• _Input data_:
* * * * *

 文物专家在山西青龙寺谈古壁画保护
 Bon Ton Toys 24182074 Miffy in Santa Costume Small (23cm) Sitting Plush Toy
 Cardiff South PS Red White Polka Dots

* * * * *

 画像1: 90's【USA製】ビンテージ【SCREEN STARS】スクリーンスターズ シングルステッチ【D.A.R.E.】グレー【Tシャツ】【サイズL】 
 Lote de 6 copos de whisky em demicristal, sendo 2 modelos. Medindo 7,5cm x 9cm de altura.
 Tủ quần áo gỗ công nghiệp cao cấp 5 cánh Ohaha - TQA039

* * * * *

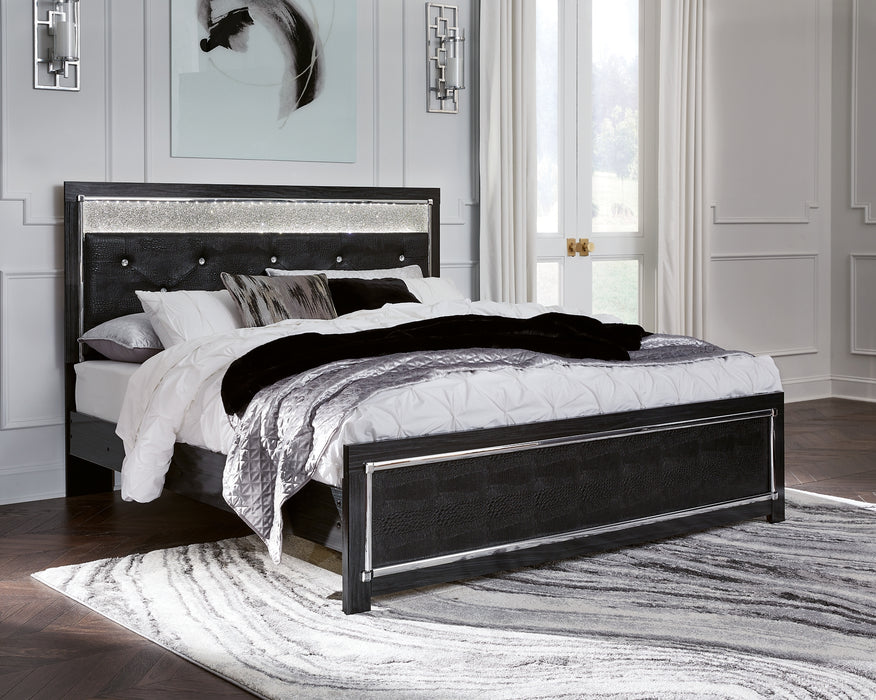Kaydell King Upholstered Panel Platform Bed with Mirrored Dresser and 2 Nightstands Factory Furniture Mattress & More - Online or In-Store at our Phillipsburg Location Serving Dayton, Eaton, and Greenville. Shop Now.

* * * * *

• _Task requirements_:
Give back precisely the lines above that start at the line containing "文物专家在山西青龙寺谈古壁画保护" and end at the line containing "Cardiff South PS Red White Polka Dots", inclusive. No other lines belong in the output.

• _Answer box_:
 文物专家在山西青龙寺谈古壁画保护
 Bon Ton Toys 24182074 Miffy in Santa Costume Small (23cm) Sitting Plush Toy
 Cardiff South PS Red White Polka Dots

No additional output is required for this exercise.